A more responsible approach, however, is structured, deliberate and forward-looking. Responsible leaders should instead consider the following:
1. Understand your exposure
The starting point is visibility. Businesses need to look beyond immediate operations to identify where micro- and nanoplastics may enter products, processes and environments, from raw materials and packaging to water systems and end use. For many companies, this will reveal that exposure is not isolated, but systemic.
2. Map and assess supply chain risk
Nanoplastics are often generated upstream. Synthetic materials, textiles, tyres, coatings and plastic packaging are all potential sources. Mapping these inputs is not simply a compliance exercise; it is a way of identifying where future risk and accountability may emerge.
3. Invest in safer materials and innovation
Early investment in alternative materials, improved filtration technologies and circular design approaches can reduce exposure at source. Companies that act now are not only mitigating risk, but positioning themselves ahead of regulatory and market shifts.
4. Strengthen transparency and disclosure
As scientific understanding evolves, expectations are changing. Investors, regulators and consumers increasingly expect companies to demonstrate transparency and awareness of emerging risks, even where formal standards are not yet in place. Proactive disclosure builds trust and reduces the risk of future reputational damage.

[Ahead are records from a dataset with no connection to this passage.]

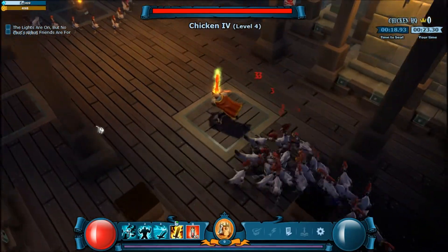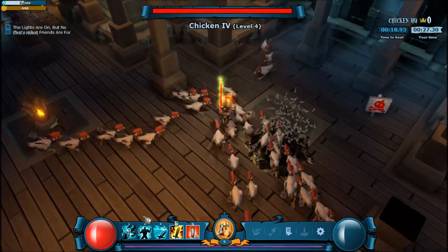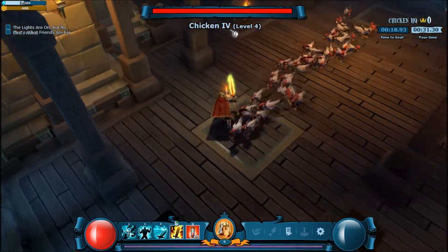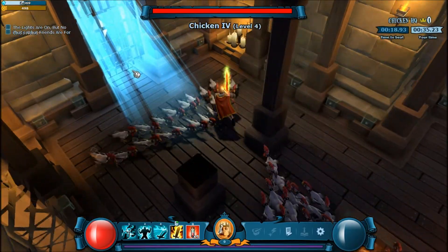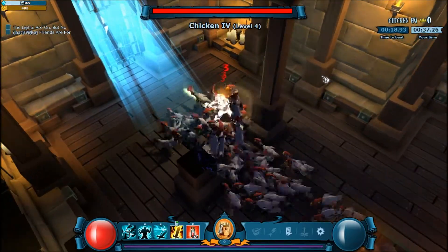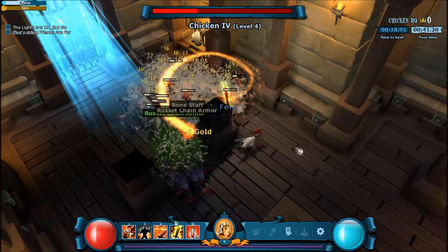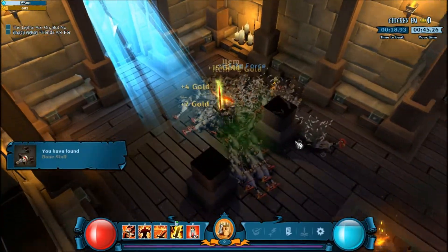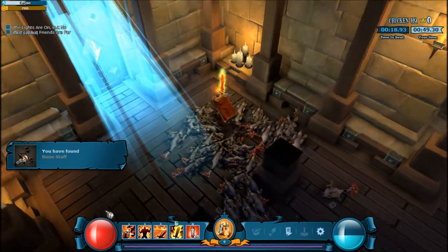Just run around like this trying to get as many chickens as possible. There's not a lot of people doing this — I'm like the only one doing this for Kentucky Fried Chicken. But you just get a lot of chickens and flame them. Yeah, that's a lot of chicken. I like fried chicken.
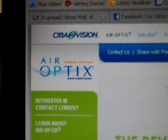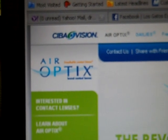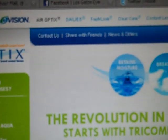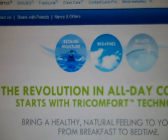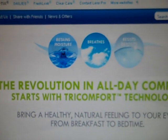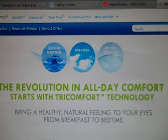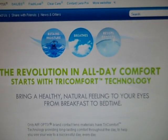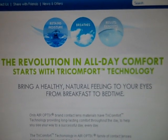The lens we fit our happy patient with is Air Optix Aqua multifocal lens. It is one of the new multifocal or bifocal contact lenses on the market. It is a healthy, breathable, comfortable lens for the eye that gives good vision not only at distance but also for computer and reading.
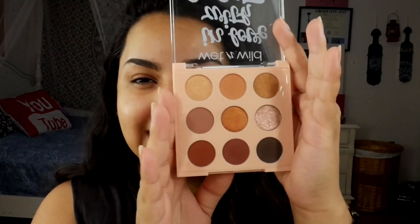This one does have a stronger scent than the honey one. But we're gonna head into the swatches and use it on the eyes, so if you're interested in seeing that just continue watching.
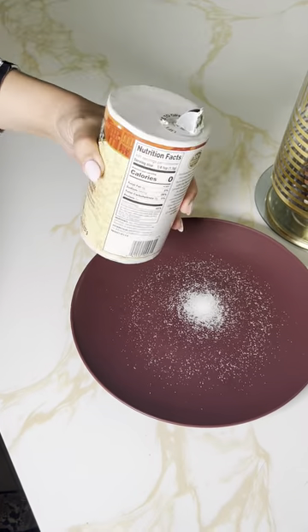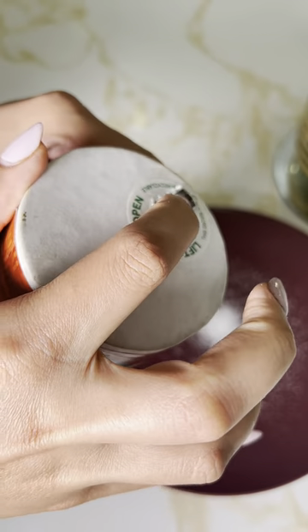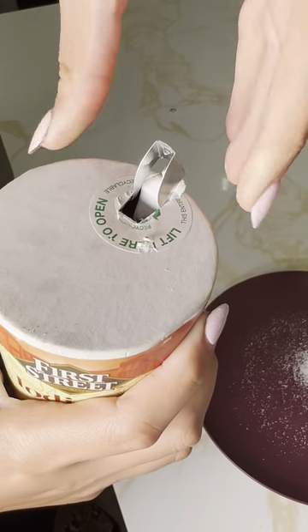I can't believe it took me 36 years to discover this cool hack. Let's talk about this salt container. Did you ever notice a piece of cardboard on the lid right here? Well, that's actually there to help you control all the salt that will come tumbling out.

5. Avoid greenwashing and greenhushing
As awareness of environmental and health risks grows, so too does scrutiny of how companies communicate their response. Overstating progress or making unsubstantiated claims – often described as ‘greenwashing’ – carries increasing reputational and regulatory risk. But the opposite response, sometimes referred to as ‘greenhushing,’ where companies avoid communicating altogether, can be equally problematic.
Silence does not eliminate risk. It can increase mistrust. For emerging issues such as nanoplastics, where scientific understanding is still evolving, the most effective approach is neither exaggeration nor avoidance, but transparency grounded in evidence. Responsible businesses should communicate clearly about what they know, what they do not yet know, and what they are doing to address the issue.
6. Engage in shaping standards and policy
Businesses that participate in the development of emerging frameworks – working with scientists, regulators and industry peers – are more likely to influence outcomes than those that respond after the fact. Engagement is not optional; it is part of responsible leadership.
7. Integrate contamination risk into ESG strategy
Beyond carbon and climate, issues of material safety, human exposure and long-term health impact are becoming central to ESG. Treating nanoplastics as an emerging priority ensures that risk management reflects the full scope of environmental and social impact.
8. Prepare for regulation and potential liability
The trajectory of past environmental risks suggests that early scientific concern can evolve into regulatory action and litigation. Scenario planning – including potential compliance requirements, product reformulation and legal exposure – is essential for long-term resilience.
9. Recognise responsibility beyond compliance
Ultimately, this is not just a technical or regulatory challenge. If business activities contribute – even indirectly – to human exposure, then responsibility extends beyond meeting minimum standards. It includes actively seeking to understand, reduce and, where possible, prevent harm.